As described above, the effects of the H0 invention are as follows! In the invention described in item (1), plasma I is generated by applying a DC voltage between a carbon target and a counter electrode in a vacuum chamber with a low-pressure excitation gas atmosphere, and a plasma I is generated on a substrate placed under pressure in the vacuum chamber. In the sputtering method for forming a carbon thin film, it is determined that the ultraviolet rays of the plasma are shielded from the substrate, so that the formed carbon film is not affected by the shadow 9 of the ultraviolet rays, and is therefore transparent and has a wide optical gap. , the 72 band tail calculated from the UV-visible absorption spectrum is steep, and an amorphous carbon film suitable for use as a semiconductor material can be obtained.

Seriously, the scope of the patent claims! The invention described in item (3) has the advantage that it is possible to provide a sputtering apparatus with a simple structure capable of producing an amorphous carbon film as described above.

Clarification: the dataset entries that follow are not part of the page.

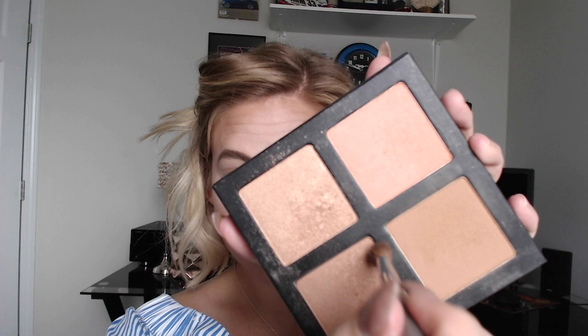We're going to move on to the eye part of this tutorial — if you made it to this point, congratulations! I am using the same color I used for the contour — the meteor color — as my crease color, and just blending that up into the eyebrow area.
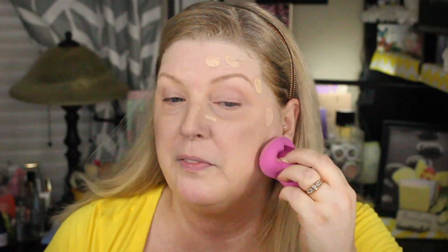I haven't tried this on my face yet — I've just tested it on the back of my hand for color. It's a little more on the medium side coverage-wise, so we'll see if we can build it up to full coverage.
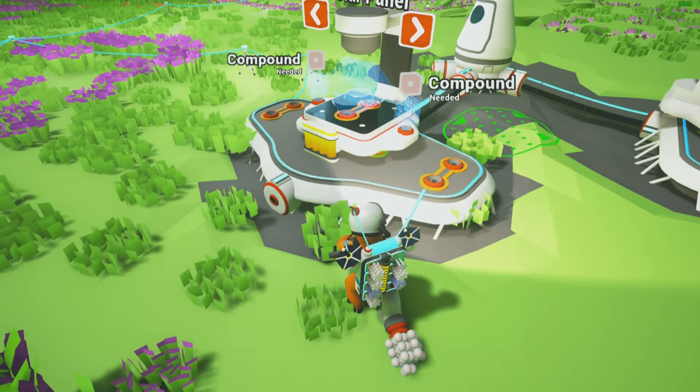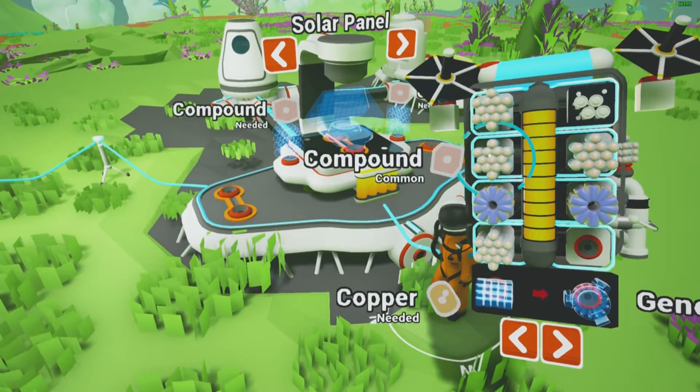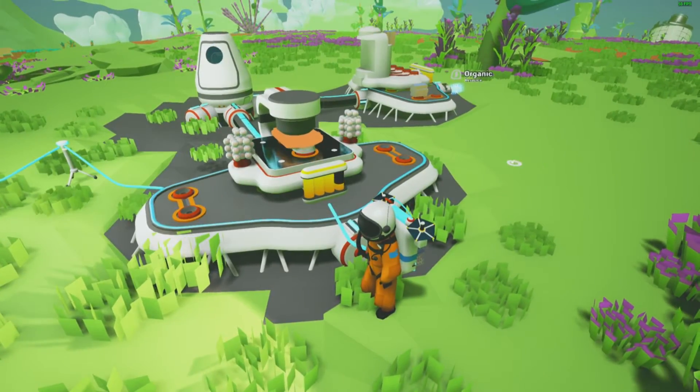Alright you guys, so now we have our printer built and we are going to build a solar panel. Get your compound and throw it on the printer and start building your solar panel.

[Brief explanation of the drawing]

The drawings show an embodiment of the present invention, and FIG. 1 is a schematic cross-sectional view of a sputtering apparatus, I! Figure 2 is a chart showing the results of calculating the optical energy gap (Eo) from the ultraviolet-visible absorption spectrum of the carbon film. DESCRIPTION OF SYMBOLS 1... Vacuum chamber, 5... Target, 8... Counter electrode, 9... Substrate holding part, 10... Substrate. Figure 1: Return to prefecture, Hirobukuro Kashi section, Figure 2

Claims (4)

[Claims] (1) In the sputtering method described above, a plasma is generated by applying a DC voltage between a carbon target and a counter electrode in a vacuum chamber with a low-pressure excited gas atmosphere to form a carbon thin film on a substrate placed in the vacuum chamber. 1. A method for forming a carbon thin film, the method being carried out in a state where ultraviolet rays of plasma are shielded from the substrate. (2) The method for forming a carbon thin film according to claim (1), characterized in that hydrogen is used as the low-pressure excitation gas. (3) A carbon target and a counter electrode are provided in a vacuum chamber with a low-pressure excitation gas atmosphere, and a DC voltage is applied between them to generate plasma, and a substrate on which a carbon thin film is to be formed is placed in the vacuum chamber. A sputtering apparatus for forming a carbon thin film, characterized in that the holding portion of the substrate is provided on the side opposite to the carbon target of the counter electrode, and ultraviolet rays generated from plasma are shielded from the substrate by the counter electrode. (4) The carbon thin film forming apparatus according to claim (3), wherein the ratio of the diameter of the counter electrode to the diameter of the carbon target is 0.7 or more.